For purposes of subparagraph (B) of the preceding sentence, the term "taxable income" means in the case of a regulated investment company its investment company taxable income (within the meaning of section 852(b) (2)), and in the case of a real estate investment trust its real estate investment trust taxable income (within the meaning of section 857(b) (2)). (Added Pub. L. 87-834, § 2(b), Oct. 16, 1962, 76 Stat. 963.)

REFERENCES IN TEXT

Section 222(a) (5) of the Communications Act of 1934, as amended, referred to in subsec. (c) (3), is classified to section 222(a)(5) of Title 47, Telegraphs, Telephones, and Radiotelegraphs.

EFFECTIVE DATE

Section applicable with respect to taxable years ending after Dec. 31, 1961, see section 2(h) of Pub. L. 87-834, set out as a note under section 38 of this title.

§ 47. Certain dispositions, etc., of section 38 property. (a) General rule.

Under regulations prescribed by the Secretary or his delegate

(1) Early disposition, etc.

If during any taxable year any property is disposed of, or otherwise ceases to be section 38 property with respect to the taxpayer, before the close of the useful life which was taken into account in computing the credit under section 38, then the tax under this chapter for such taxable year shall be increased by an amount equal to the aggregate decrease in the credits allowed under section 38 for all prior taxable years which would have resulted solely from substituting, in determining qualified investment, for such useful life the period beginning with the time such property was placed in service by the taxpayer and ending with the time such property ceased to be section 38 property.

(2) Property becomes public utility property.

If during any taxable year any property taken into account in determining qualified investment 22-992 064 vol. 219

becomes public utility property (within the meaning of section 46(c) (3) (B)), then the tax under this chapter for such taxable year shall be increased by an amount equal to the aggregate decrease in the credits allowed under section 38 for all prior taxable years which would have resulted solely from treating the property, for purposes of determining qualified investment, as public utility property (after giving due regard to the period before such change in use).

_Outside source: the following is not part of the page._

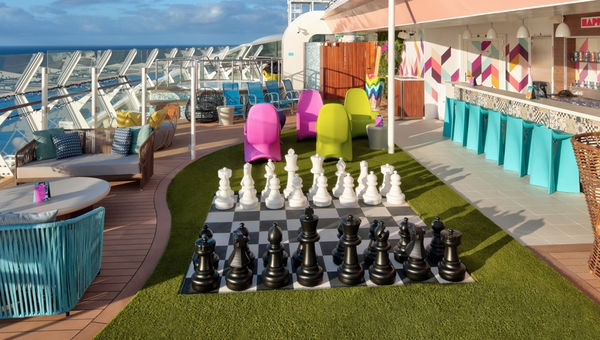 Social 100 and The Patio are hangout spots for teens on Wonder of the Seas.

If the application of this paragraph to any property is followed by the application of paragraph (1) to such property, proper adjustment shall be made in applying paragraph (1).

(3) Carrybacks and carryovers adjusted.

In the case of any cessation described in paragraph (1) or any change in use described in paragraph (2), the carrybacks and carryovers under section 46(b) shall be adjusted by reason of such cessation (or change in use).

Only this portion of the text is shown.